Grading rubrics, which outline the different facets of a solution and provide tiered assessments appropriate to the problem provide a solution to this for instructors. Historically, I have given my undergraduate math students a 5-question quiz each week of class. I grade these on a five-point scale (from 0 to 4) where 4 is a perfect solution, 3 is some small math (mechanical) error was seen, 2 is a good start, 1 is something somewhat relevant was written down, and 0 is nothing meaningful was stated. This is a type of informal grading rubric. It is also one-dimensional, which causes some issues.

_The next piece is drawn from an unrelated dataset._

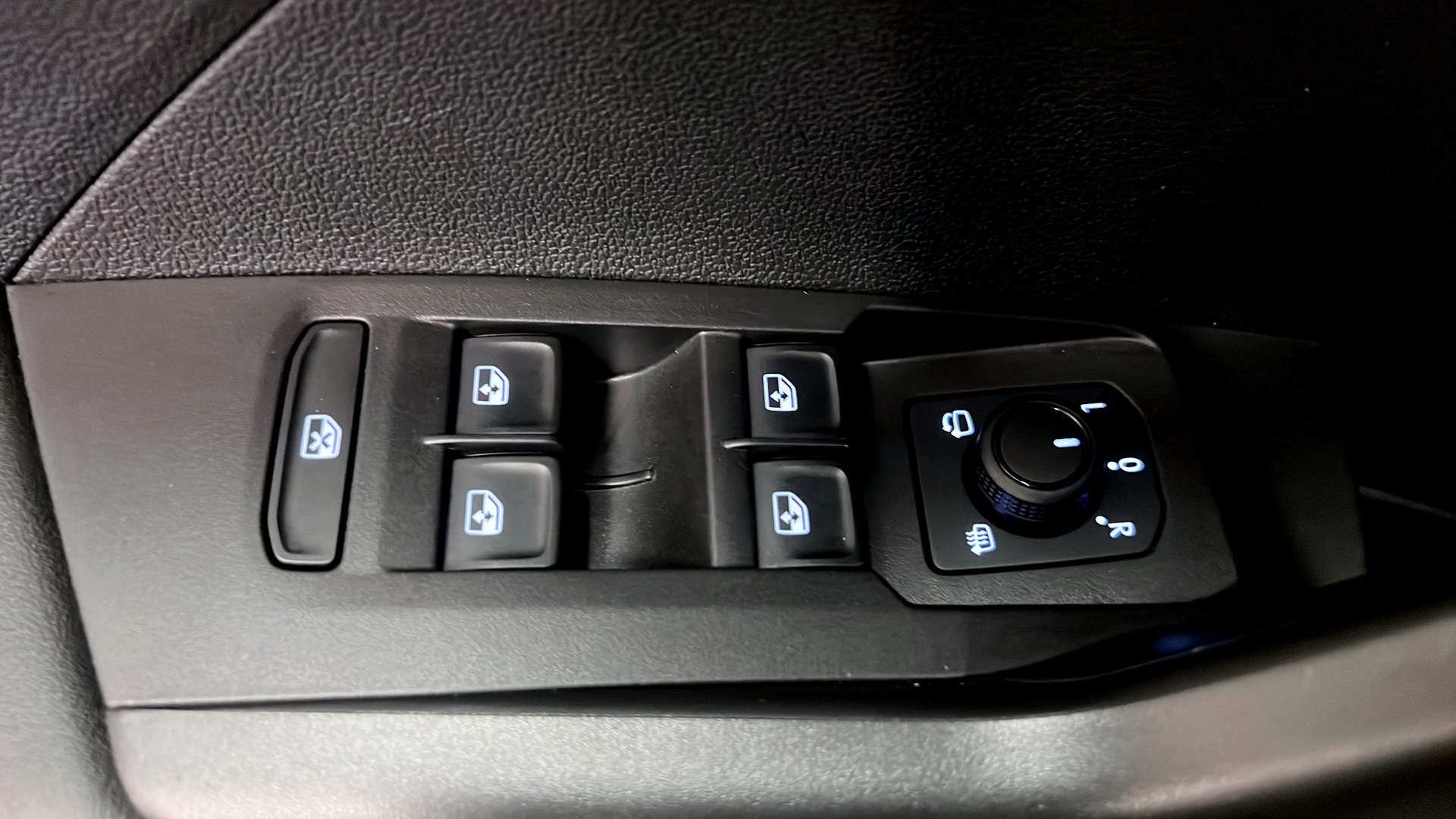 Volkswagen T-Cross DGH98L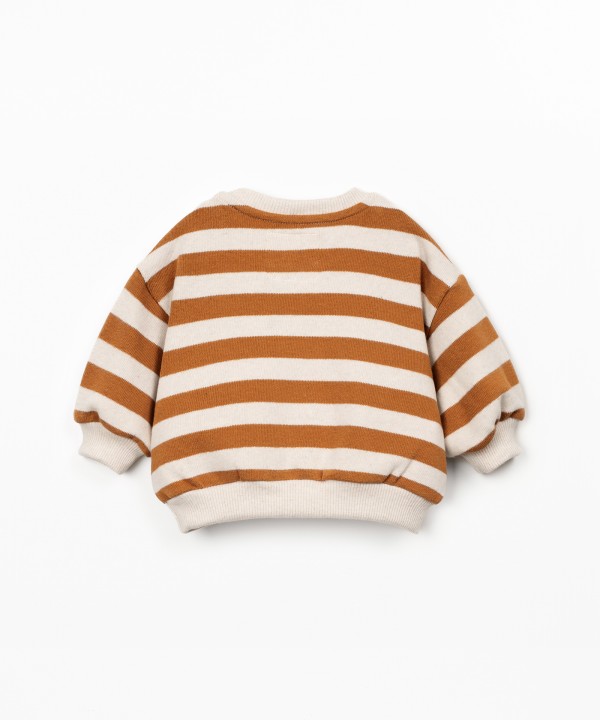 Sweater in a blend of natural and recycled fibers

As the University of Maryland University College converts from its custom WebTycho platform to Desire2Learn, I have noticed that formalized grading rubrics are baked into the platform and can be associated with each assessment. Then, when grading, the rubric guides the process. So I created my first formal rubric and attached it to this my quizzes. This grading rubric essentially formalizes the informal grading rubric I had already used:

- Detailed response given with no mathematical errors.

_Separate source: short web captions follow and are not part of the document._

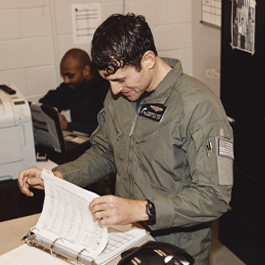 Jamison signing out gear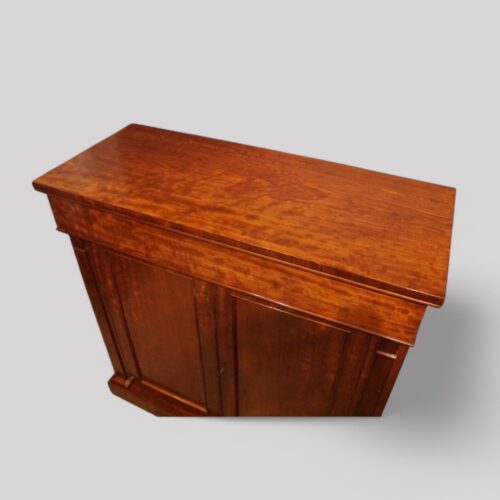 William IV mahogany chiffonier top
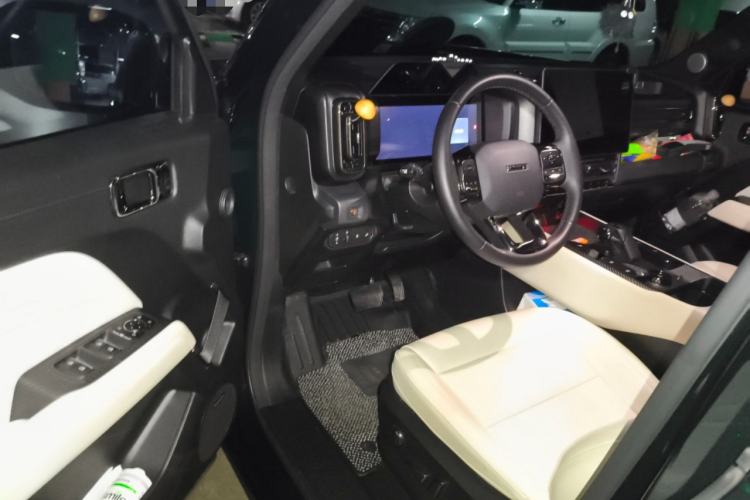 Used Haval Raptor New Energy 2024 Hi4 145 Cross-Over Edition Driver Seat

- Detailed response given that shows understanding of the problem. Final answer may not be correct.
- Explanation or diagram unclear. Final answer is not correct, but response shows some understanding of the problem.
- Misses key points and no appropriate supporting diagram provided. The response shows no understanding of the problem.
- No answer given or response is not aligned to problem.

While formalizing the prior process is useful, it is self-evident this should be revised to reflect the multidimensional grading process used in college-level mathematics.